I’m Not Sure Where My £9,000 is Going
I missed my first lecture a few weeks into Michaelmas term. I stopped going altogether partway through Lent term. By Summer term, I’d added workshops and practicals (except those where coursework was marked) to the list of things I was bunking off. I finished the year with a First.
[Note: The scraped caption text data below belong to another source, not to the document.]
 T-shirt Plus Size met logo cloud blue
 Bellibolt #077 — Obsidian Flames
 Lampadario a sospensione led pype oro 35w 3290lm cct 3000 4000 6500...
Extrav Week is Kinda of Bogus
Lancaster University puts on an Extrav week at the end of the year in an aping of Cambridge’s May Week. All nine colleges put on a big party over three days (well, Grad do theirs in the Summer holiday for some reason) and big them up for weeks in advance. Tickets cost about £8 and the most popular events sold out within seconds. I ended up with tickets to four (which was a pretty wank idea, as I didn’t get enough time to enjoy either of the events on the day I had two).
The thing is, they’re kind of bollocks. Not that they aren’t fun – they’re still a pissup with live music and mates. They all use the same Lancaster University bands and DJs we see every week at Pendle’s live music night or LUEDMS’ house nights. The drink prices were the same as ever. They only went on for a few hours. For all the fanfare, it feels like £3-4 would be more justifiable.
But all your mates are going so you have to anyway.
When Given the Chance, I Will Live Like a Filthy Animal
The above image was taken on 2014-10-07. I hadn’t even been there for a month yet. By the end of the year there were condom wrappers and god knows what else scattered around. I found a crushed spider when I lifted a hoodie up one day.
There are Exciting New People and Cultures at Uni
I saw my first trans person this year. I’m friends(!) with a Scouser. I’m now aware of the Isle of Man as a real place. Wouldn’t have any of these sorts of high-fallutin’ society things down in sunny Bourne, now would we?
Bins are the Finest Thing to Happen to Drinking Since the Invention of Glasses
I didn’t end up co-founding the Bin Society for nothing.
The TV License is Kind of an Outdated Concept
…and I would appreciate it if you’d stop getting on my case about it. I don’t even own a TV.